Boring. Perfectly acceptable choice, perfectly fine actor, perfectly predictable result. No spoilers, just another white male Doctor Who. Like I said, boring. I mean, sure, instead of being a young white dude this time we have a slightly older white dude. Huuzah! Because middle-aged white men get so few breaks in this business, you know?

But it’s no so much the news from this weekend about 55-year-old Scottish actor Peter Capaldi taking over as Doctor Who that’s upsetting. And, yes, I know he’s a very good actor and very funny and very all of those good things. It’s that once you’ve been offered a glimmer of hope at a smorgasbord of endless wonder, to be given the same – albeit slightly older – dish seems a terrible disappointment. Really, mashed potatoes, again? I mean, I like mashed potatoes – who doesn’t. But, again?

That’s the thing about the world, the more we see the more we grow. And the more we’re exposed to, the more we want to see. I want to see great shows with great diversity because it opens the door to a whole new world. More can mean more interesting. Sure, not always. Sometimes less is more. Sometimes. But more gives us the chance to tell a different kind of story. A female doctor, a doctor of another race, a LGBTQ doctor. Anything, something. Just not more of the same. Same can be quite good, but it will never be more.

I watch shows like “Orange Is the New Black” and “The Fosters” and, yes, even “Glee” and I see racially, culturally and sexually diverse casts not led by a single white male and it is glorious. But they are still the exception, not the rule. NBC’s new fall lineup is entirely shows built around male leads. Time yourself and try to name 10 shows on broadcast primetime TV with non-white and/or non-male leads (that are not primarily a large ensemble show without a definitive lead) in less than a minute. After Shonda Rhimes creations, it gets damn complicated.

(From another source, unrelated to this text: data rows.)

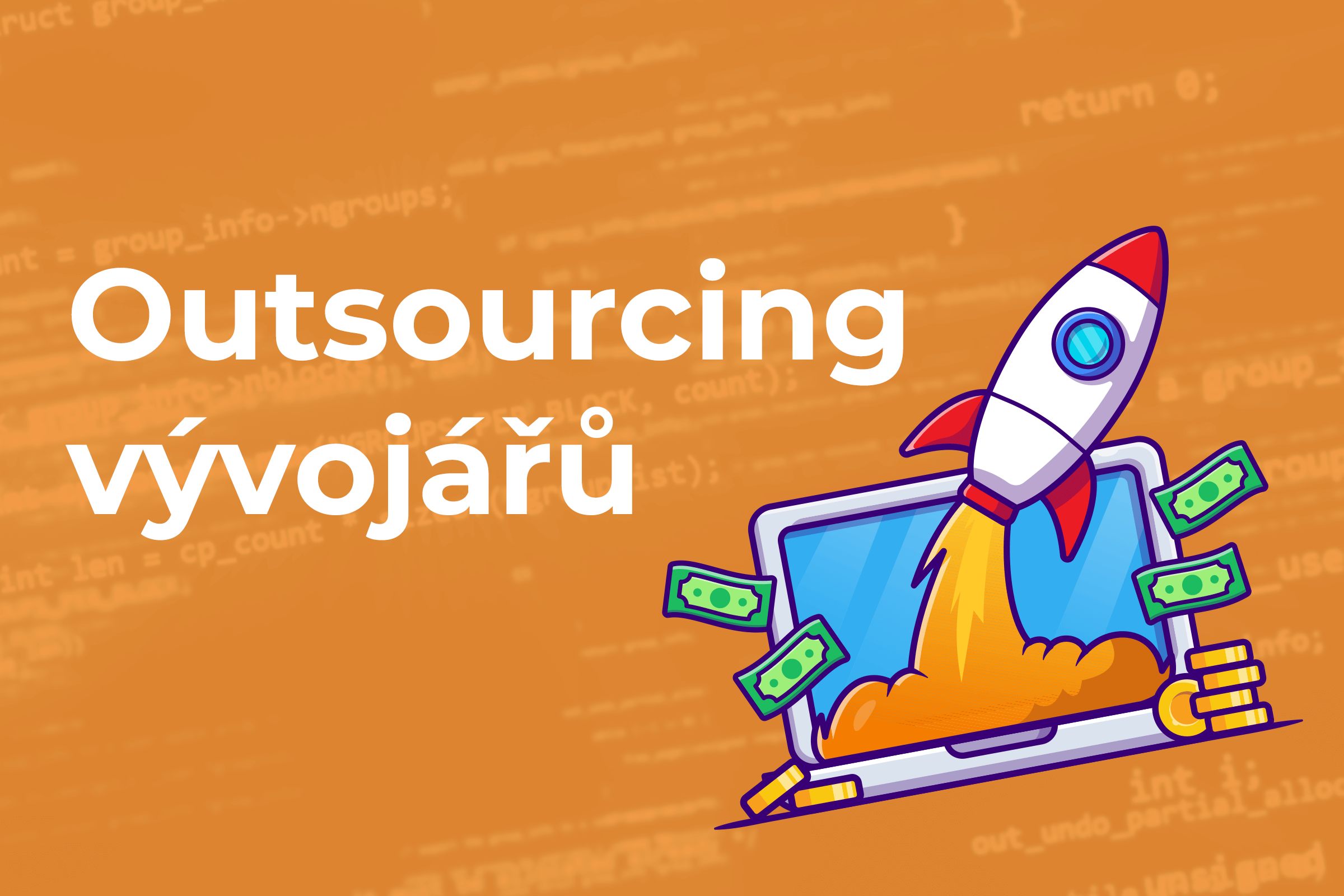 Outsourcing vývojářů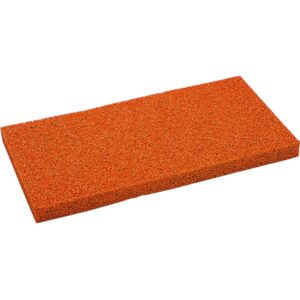 Schaumbelag rot 22,5 X 32,5 cm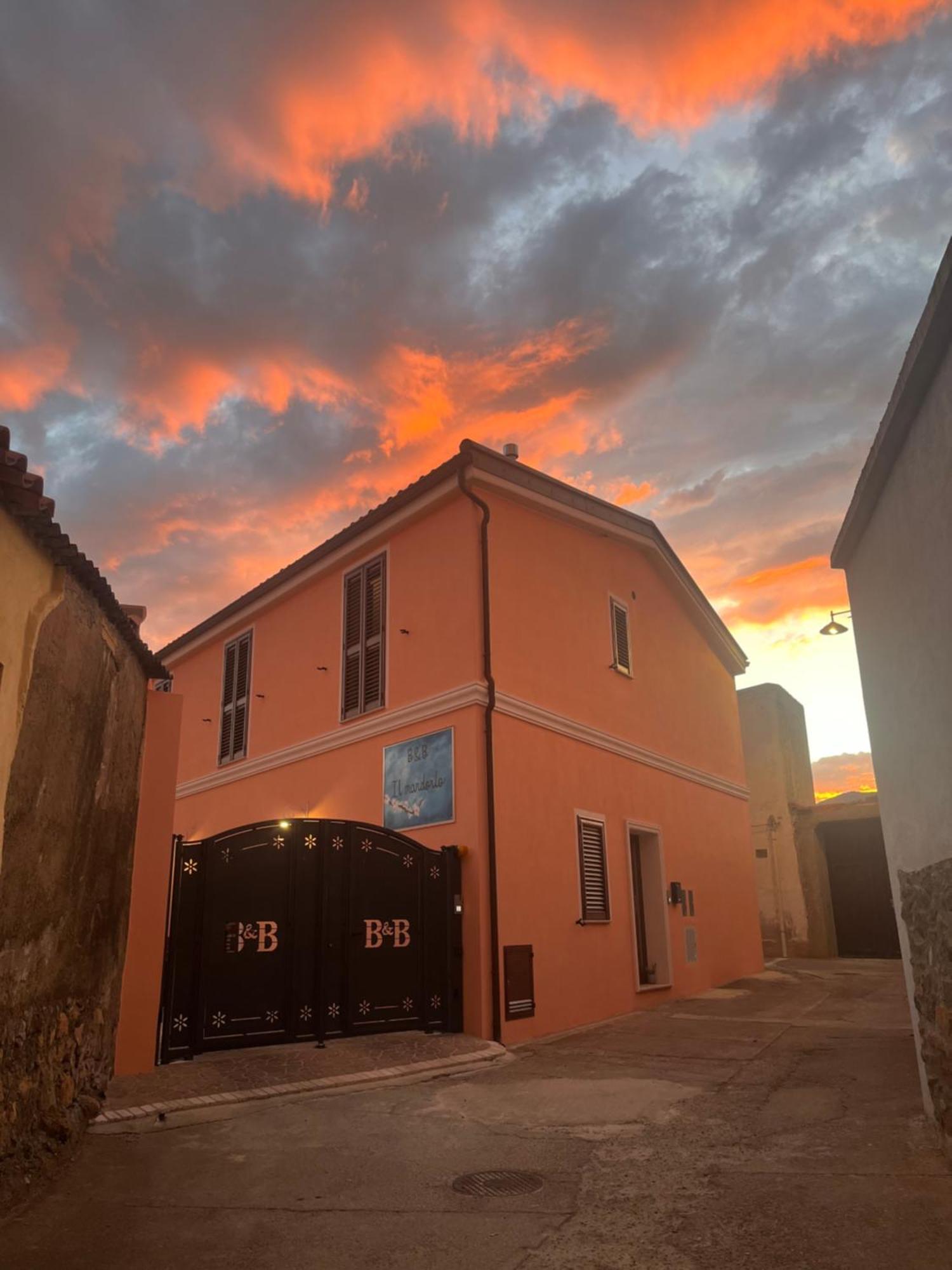 B&B Il Mandorlo San Vito Lo Capo Dış mekan fotoğraf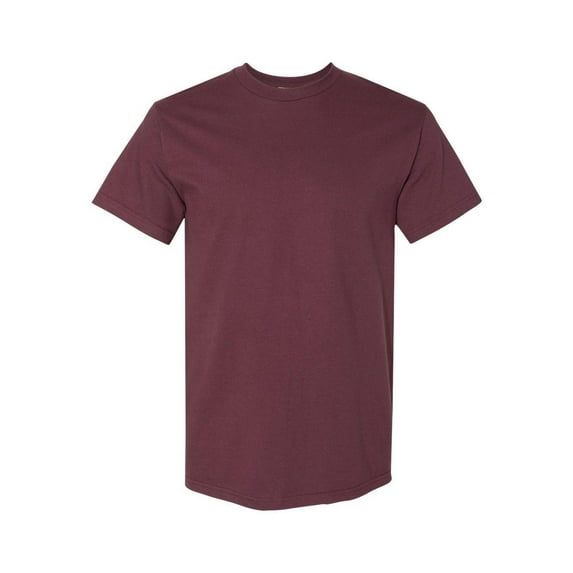 Gildan - Hammerâ„¢ T-Shirt - H000 - 5 Pack - Multi-Pack - Sport Dark Maroon - Size: 4XL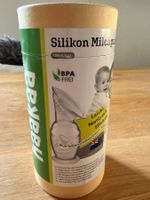 HaaKaa Silikon Milchpumpe neuwertig, praktisch für unterwegs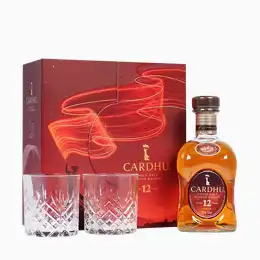 Cardhu Gift Box 12 Year Old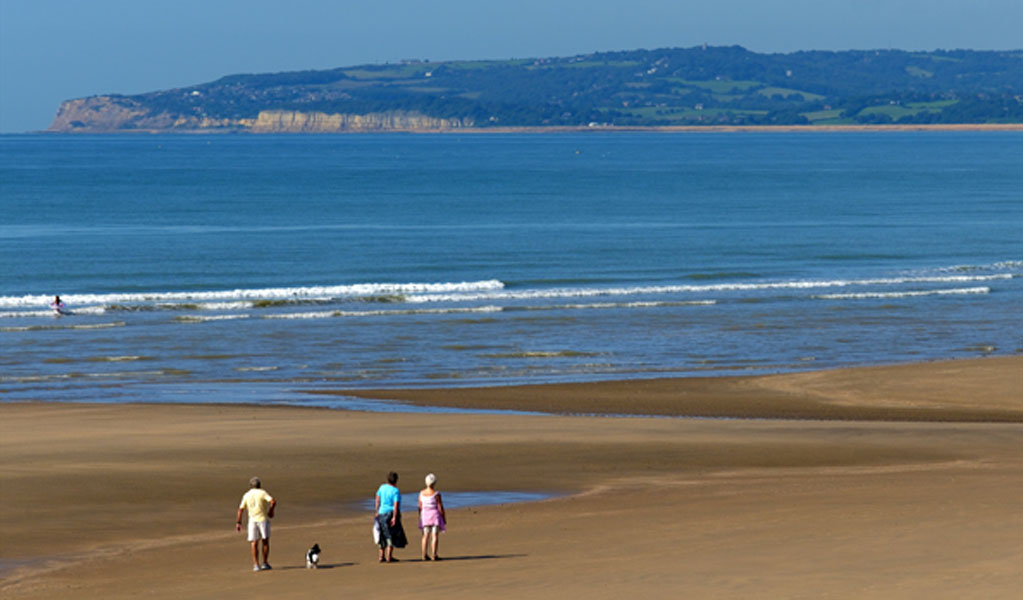 Camber Sands, East Sussex, UK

Look, TV producers, the time is now. The world is big. Take a chance, be different. Stop giving us mashed potatoes and expecting us to keep getting excited with each subsequent dish. And stop insisting it’s us ladies who keep telling we will only accept mashed potatoes (Really, Stephen Moffat, really?).

What I lament in the latest Doctor Who announcement isn’t the actor, who I am sure will do a fine job. But the missed opportunity to give us something so very new and so very exciting. Just like our taste bus, our minds need new flavors to stay alert. In a world that’s always bigger on the inside, why keep giving us the same superficial outside? Seems a shame, sweetie. A damn, damn shame.

p.s. I for one think they should have bent space and time and made River Song the next doctor. I mean, they fly around in a blue police box with a swimming pool in the basement, anything is fucking possible.